#### [Input records]
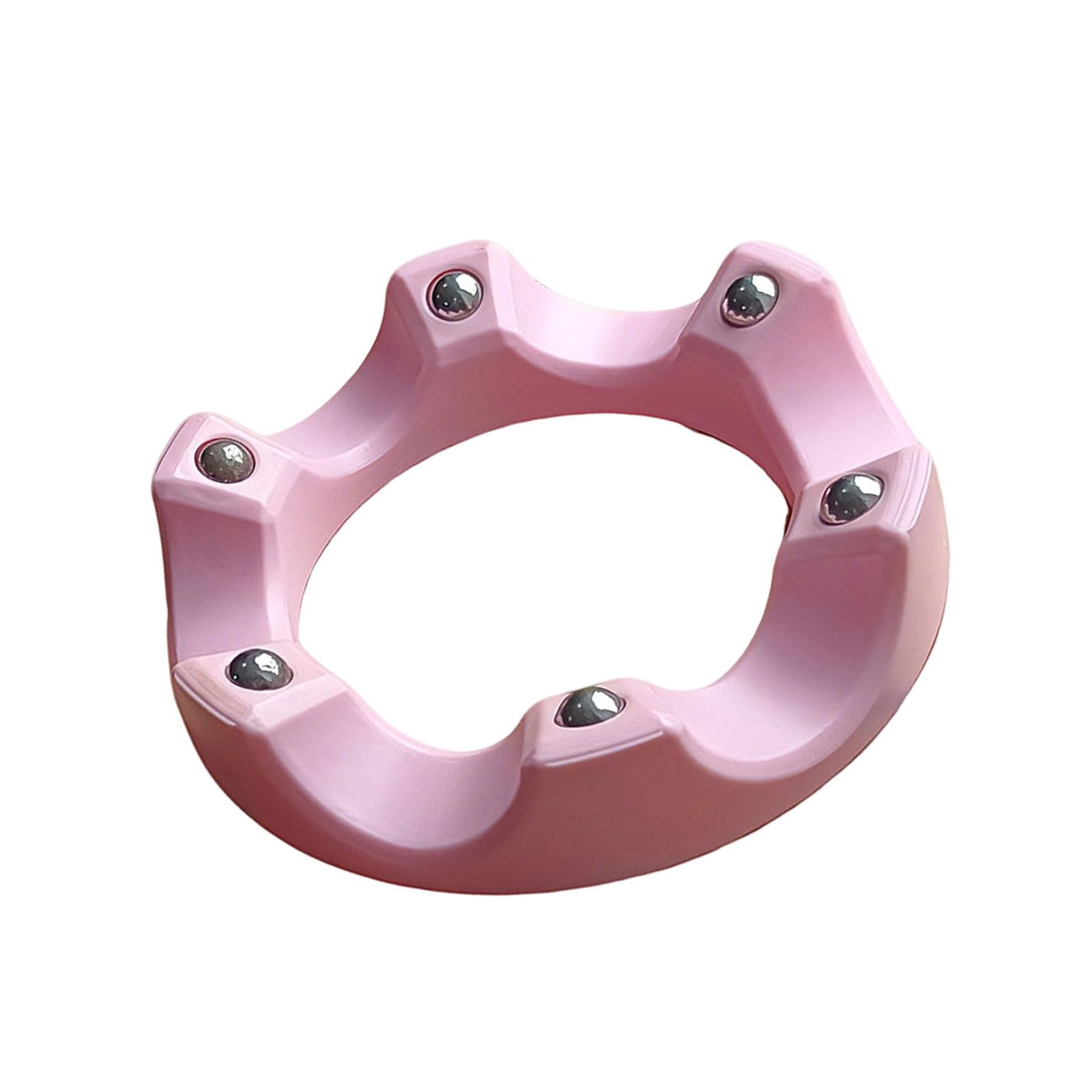 QIAOLIDA Bowling Ball Rotators Stand 360 Degrees Smooth Rotating Spinner With 6 Steel Ball for Surfaces Sanding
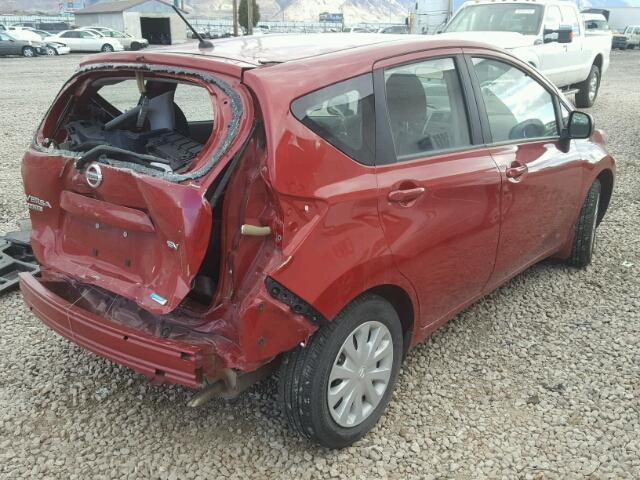 3N1CE2CP7EL353366 - 2014 NISSAN VERSA NOTE RED photo 4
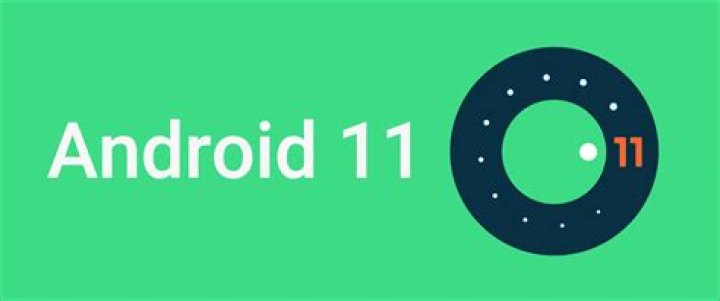 Android 11 logo stock photo 5
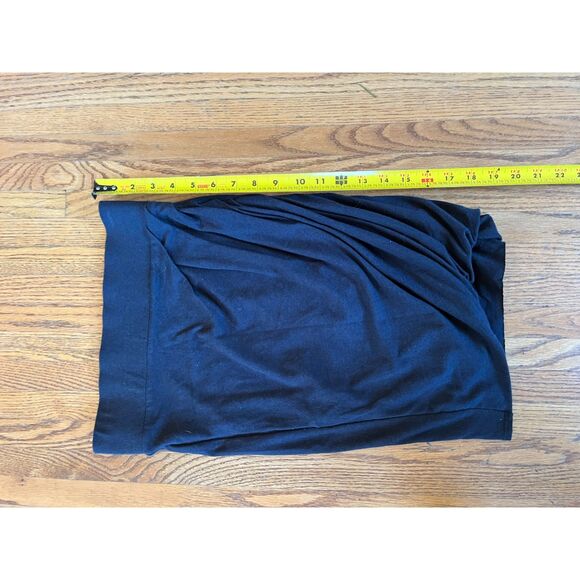 HELMUT LANG Black Back Zip Mini Curved Pencil Skirt Women's Size XS/P - Picture 9 of 9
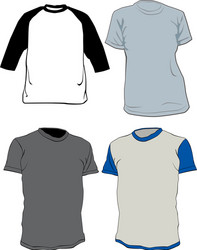 T-Shirt Templates Vector Image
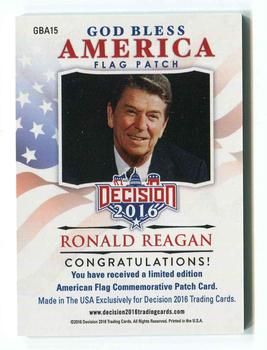 2016 Decision 2016 - God Bless America Flags #GBA15 Ronald Reagan Back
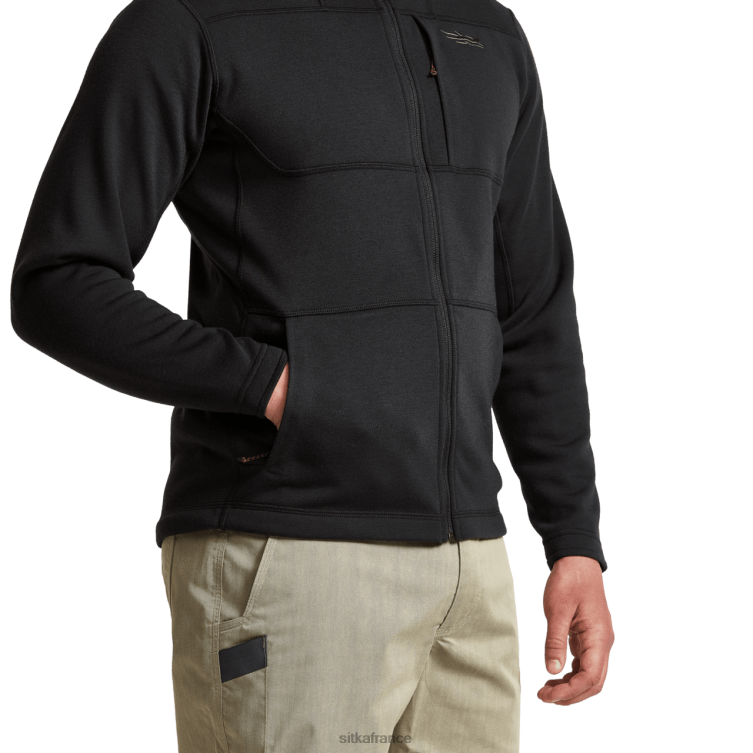 hauts noir Hommes SITKA Gear sweat à capuche de camp LL28B128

#### [Assigned task]
The job is to copy all the records precisely while omitting any picture.

#### [Result for this task]
 QIAOLIDA Bowling Ball Rotators Stand 360 Degrees Smooth Rotating Spinner With 6 Steel Ball for Surfaces Sanding
 3N1CE2CP7EL353366 - 2014 NISSAN VERSA NOTE RED photo 4
 Android 11 logo stock photo 5
 HELMUT LANG Black Back Zip Mini Curved Pencil Skirt Women's Size XS/P - Picture 9 of 9
 T-Shirt Templates Vector Image
 2016 Decision 2016 - God Bless America Flags #GBA15 Ronald Reagan Back
 hauts noir Hommes SITKA Gear sweat à capuche de camp LL28B128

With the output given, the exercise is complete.